** What you are asked to do **
Which lines of the data below hold "with"? Copy each of them.

** Task data **
● ● ● ● ● ● ●

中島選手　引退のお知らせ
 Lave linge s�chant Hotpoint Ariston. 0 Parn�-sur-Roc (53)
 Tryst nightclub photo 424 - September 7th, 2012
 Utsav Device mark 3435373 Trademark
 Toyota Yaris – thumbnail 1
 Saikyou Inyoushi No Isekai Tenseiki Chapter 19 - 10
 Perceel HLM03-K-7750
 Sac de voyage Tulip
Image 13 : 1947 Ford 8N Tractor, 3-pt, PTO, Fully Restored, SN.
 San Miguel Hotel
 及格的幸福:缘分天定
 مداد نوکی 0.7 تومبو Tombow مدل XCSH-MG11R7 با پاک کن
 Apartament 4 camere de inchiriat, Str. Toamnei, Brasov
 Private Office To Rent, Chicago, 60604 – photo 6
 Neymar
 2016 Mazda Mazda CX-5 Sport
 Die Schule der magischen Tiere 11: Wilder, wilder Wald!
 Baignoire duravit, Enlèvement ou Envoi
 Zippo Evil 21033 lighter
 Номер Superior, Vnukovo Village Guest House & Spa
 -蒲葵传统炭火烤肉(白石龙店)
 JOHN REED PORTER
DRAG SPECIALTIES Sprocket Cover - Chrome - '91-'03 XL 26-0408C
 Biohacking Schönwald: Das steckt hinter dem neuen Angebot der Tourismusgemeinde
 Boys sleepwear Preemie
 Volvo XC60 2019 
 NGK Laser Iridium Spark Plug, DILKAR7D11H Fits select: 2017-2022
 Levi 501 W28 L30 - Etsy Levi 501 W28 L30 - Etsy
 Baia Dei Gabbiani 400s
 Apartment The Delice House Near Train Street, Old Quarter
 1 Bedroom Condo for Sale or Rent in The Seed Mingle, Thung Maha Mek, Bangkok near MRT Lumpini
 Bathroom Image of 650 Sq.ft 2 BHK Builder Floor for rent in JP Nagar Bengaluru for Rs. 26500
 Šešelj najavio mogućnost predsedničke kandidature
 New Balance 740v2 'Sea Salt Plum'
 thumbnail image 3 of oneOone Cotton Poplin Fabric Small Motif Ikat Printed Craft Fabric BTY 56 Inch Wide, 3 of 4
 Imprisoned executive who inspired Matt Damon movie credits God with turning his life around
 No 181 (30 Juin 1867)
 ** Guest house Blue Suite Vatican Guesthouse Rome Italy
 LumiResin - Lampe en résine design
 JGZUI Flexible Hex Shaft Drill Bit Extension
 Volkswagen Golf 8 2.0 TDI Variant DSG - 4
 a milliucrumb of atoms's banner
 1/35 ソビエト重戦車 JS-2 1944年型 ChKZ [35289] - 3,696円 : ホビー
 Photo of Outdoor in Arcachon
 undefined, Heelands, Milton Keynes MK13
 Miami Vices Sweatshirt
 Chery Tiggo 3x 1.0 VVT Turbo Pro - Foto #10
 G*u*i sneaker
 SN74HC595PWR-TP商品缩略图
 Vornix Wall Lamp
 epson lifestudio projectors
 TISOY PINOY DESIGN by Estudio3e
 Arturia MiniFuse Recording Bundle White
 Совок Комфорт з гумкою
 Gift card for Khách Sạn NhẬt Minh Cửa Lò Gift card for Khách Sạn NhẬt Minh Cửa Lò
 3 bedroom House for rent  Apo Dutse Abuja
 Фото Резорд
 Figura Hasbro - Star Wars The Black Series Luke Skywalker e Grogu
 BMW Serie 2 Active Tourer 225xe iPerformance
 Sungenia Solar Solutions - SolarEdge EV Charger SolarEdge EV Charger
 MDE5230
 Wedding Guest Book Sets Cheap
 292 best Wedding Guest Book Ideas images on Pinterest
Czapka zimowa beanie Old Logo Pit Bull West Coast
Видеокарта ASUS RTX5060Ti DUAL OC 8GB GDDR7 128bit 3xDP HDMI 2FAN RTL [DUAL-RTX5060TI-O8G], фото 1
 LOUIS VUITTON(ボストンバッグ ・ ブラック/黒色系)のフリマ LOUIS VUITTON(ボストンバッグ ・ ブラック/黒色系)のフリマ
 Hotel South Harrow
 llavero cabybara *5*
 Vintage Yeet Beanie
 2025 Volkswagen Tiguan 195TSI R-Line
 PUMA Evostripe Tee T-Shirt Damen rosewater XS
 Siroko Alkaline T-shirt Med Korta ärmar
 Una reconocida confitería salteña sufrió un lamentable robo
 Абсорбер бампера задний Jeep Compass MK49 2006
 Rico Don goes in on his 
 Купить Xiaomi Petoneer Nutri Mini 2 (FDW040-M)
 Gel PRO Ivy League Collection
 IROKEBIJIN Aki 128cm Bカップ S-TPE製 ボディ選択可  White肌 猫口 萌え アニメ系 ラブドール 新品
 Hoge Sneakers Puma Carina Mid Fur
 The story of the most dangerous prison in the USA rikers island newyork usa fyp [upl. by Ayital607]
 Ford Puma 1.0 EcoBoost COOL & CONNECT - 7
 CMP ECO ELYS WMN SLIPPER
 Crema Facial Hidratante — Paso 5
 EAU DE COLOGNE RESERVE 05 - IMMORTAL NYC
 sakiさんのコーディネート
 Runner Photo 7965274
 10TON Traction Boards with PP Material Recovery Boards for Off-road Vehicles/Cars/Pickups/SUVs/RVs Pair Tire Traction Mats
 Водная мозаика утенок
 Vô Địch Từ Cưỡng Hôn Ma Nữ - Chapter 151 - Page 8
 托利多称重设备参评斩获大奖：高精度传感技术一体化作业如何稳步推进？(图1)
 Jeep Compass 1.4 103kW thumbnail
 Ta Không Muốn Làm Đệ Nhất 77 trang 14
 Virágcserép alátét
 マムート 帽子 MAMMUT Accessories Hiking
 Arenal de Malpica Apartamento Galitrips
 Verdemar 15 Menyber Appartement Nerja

● ● ● ● ● ● ●

** Problem solution **
 Imprisoned executive who inspired Matt Damon movie credits God with turning his life around
 10TON Traction Boards with PP Material Recovery Boards for Off-road Vehicles/Cars/Pickups/SUVs/RVs Pair Tire Traction Mats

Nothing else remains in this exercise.